Ей помогает то, что она работает вместе со мной и моей семьей. Моя работа физическая — я тот, кто отвечает за силу. Я тот, к кому все обращаются, когда нужна тяжелая рука или мышцы. Все мои братья могут постоять за себя, но никто не делает это так, как я. Это значит, что я сопровождаю Лидию, к лучшему или к худшему.

К лучшему или к худшему.

Нет смысла притворяться кем-то другим, а не тем, кто я есть на самом деле. Когда мы поженимся, мы должны принимать друг друга такими, какие мы есть, без всяких ограничений. Я никогда не понимал, зачем кому-то делать меньше.

Но я сделаю так, что она не пожалеет. Клянусь. Я уже пытаюсь.

— Ладно, давай повторим, чему ты научилась.

Я провел с ней краткий курс основ самообороны, которому нас всех учил Коля: как освобождаться от захватов, ситуационная осведомленность, защитные маневры и использование подручных предметов. У нас нет времени учить ее стрелять.

— Хорошо, — говорит Лидия, стоя передо мной в боевой стойке. На ней ярко-розовый топ, черные леггинсы и кроссовки. Ей повезло, что мне нужно ее учить, иначе я бы сорвал это с нее и трахнул прямо у стены дома.

— Использовать основание ладони или сильный удар по уязвимым местам, если получится — глаза, нос, горло и пах.

Я киваю.

— Продолжай.

— Не паниковать, если меня схватили, а сосредоточиться на побеге. Обращать внимание на окружение и использовать все, что может помочь.

Я не хочу, чтобы ей пришлось применять навыки, которым научил. Хочу, чтобы ее приемы самообороны были абсолютно последним средством.

Но она должна знать.

— Например? — проверяю я, пристально глядя на нее.

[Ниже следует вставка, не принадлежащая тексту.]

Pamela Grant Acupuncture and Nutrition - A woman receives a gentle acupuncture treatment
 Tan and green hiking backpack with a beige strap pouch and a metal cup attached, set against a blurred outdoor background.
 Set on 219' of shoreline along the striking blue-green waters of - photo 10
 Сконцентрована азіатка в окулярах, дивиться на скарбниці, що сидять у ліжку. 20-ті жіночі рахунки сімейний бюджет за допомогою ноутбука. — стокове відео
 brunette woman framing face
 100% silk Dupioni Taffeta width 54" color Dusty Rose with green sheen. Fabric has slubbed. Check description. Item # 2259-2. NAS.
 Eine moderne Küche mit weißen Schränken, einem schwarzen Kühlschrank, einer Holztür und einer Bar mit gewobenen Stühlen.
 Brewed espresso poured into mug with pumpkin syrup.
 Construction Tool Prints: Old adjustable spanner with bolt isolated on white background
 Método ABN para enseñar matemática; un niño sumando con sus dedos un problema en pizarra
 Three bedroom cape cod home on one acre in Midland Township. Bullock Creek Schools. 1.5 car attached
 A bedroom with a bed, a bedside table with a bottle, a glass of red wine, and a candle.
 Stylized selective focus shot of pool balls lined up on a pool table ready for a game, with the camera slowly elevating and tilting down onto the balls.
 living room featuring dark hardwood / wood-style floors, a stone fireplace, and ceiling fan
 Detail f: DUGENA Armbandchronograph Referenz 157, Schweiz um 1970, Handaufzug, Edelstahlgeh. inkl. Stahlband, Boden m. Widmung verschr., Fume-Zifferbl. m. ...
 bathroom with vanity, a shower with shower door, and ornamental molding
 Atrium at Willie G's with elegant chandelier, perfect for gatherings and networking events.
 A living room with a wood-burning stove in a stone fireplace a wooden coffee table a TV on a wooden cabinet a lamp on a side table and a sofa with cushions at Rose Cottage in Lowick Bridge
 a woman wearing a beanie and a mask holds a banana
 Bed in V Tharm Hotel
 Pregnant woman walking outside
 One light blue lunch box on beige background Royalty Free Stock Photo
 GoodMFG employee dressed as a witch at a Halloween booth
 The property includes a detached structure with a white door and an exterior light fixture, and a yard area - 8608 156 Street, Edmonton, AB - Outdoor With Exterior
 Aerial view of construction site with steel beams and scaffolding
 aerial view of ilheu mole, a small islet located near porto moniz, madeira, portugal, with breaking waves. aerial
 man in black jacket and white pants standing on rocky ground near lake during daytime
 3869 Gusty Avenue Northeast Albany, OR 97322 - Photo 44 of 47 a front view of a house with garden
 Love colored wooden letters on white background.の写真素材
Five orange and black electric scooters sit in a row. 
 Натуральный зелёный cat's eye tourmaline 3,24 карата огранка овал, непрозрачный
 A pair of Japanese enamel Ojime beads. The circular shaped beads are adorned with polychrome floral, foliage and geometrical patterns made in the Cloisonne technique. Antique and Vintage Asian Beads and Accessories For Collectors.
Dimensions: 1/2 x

— Например, если мы рядом с костровой ямой. Сбить их с толку, чтобы они наступили на решетку слива, а затем толкнуть в огонь, как злую ведьму в «Гензеле и Гретель».

Ее глаза блестят, и она ухмыляется мне.

Я ухмыляюсь в ответ.

— Ты над этим думала.

— Да, сэр, — говорит Лидия соблазнительным голосом. Хорошо, что она только что говорила об ударах в пах, иначе член стоял колом.

— Продолжай про побег.

— Сохранять спокойствие. Кричать о помощи как можно громче. Использовать свой крик, — она подмигивает. — Ударить, если возможно, опустить центр тяжести, развернуться и встретить атакующего.

— Отлично, — грудь переполняет гордость. — Это моя девочка. Что еще?

— Использовать подручные предметы, если возможно. Ручки, ключи, сумку, утяжеленную последними покупками в магазине.

Я киваю.

— Отлично.

Никита́ скребется в заднюю дверь, ревнуя к вниманию, которое я уделяю Лидии.

— Пойдем прогуляемся?

— Угу.

Беру поводок Никиты́, и мы идем в центр города, собака послушно идет рядом. Мы останавливаемся на светофоре, и Лидия наклоняется, чтобы почесать ей уши.

Я думал, что любил Лидию до того, как она переехала сюда. Но теперь, когда она любит мою собаку, я окончательно пропал.

— Я думала приготовить курицу с пармезаном на ужин, — говорит она небрежно.

— Это меня возбуждает, — поддразниваю я ее.

Она ухмыляется.

— Никогда не встречала мужчину, которого возбуждала еда.

— Меня возбуждает не еда. Меня возбуждает смотреть, как ты ее готовишь.

— А, понятно. Удовлетворять все аппетиты, да?

— Угу. Звучит вкусно. В пятницу вечером, когда будем планировать последние детали, пойдем поужинаем. Хорошо?

Я не готовлю. Я ем. И если я не с кем-то, кто умеет готовить, то заказываю еду. У меня был личный повар какое-то время, но мне это не понравилось. Мне не нравится, когда кто-то находится в моем пространстве, кроме Лидии. Это ее пространство тоже.

Внезапно Никита́ навострила уши. Шерсть на ее загривке встает дыбом, и она издает низкий, опасный рык.

Лидия выпрямляется.

— Что я сделала? Я думала, собака меня любит.

— Встань за мной, — рычу я. — Дело не в тебе.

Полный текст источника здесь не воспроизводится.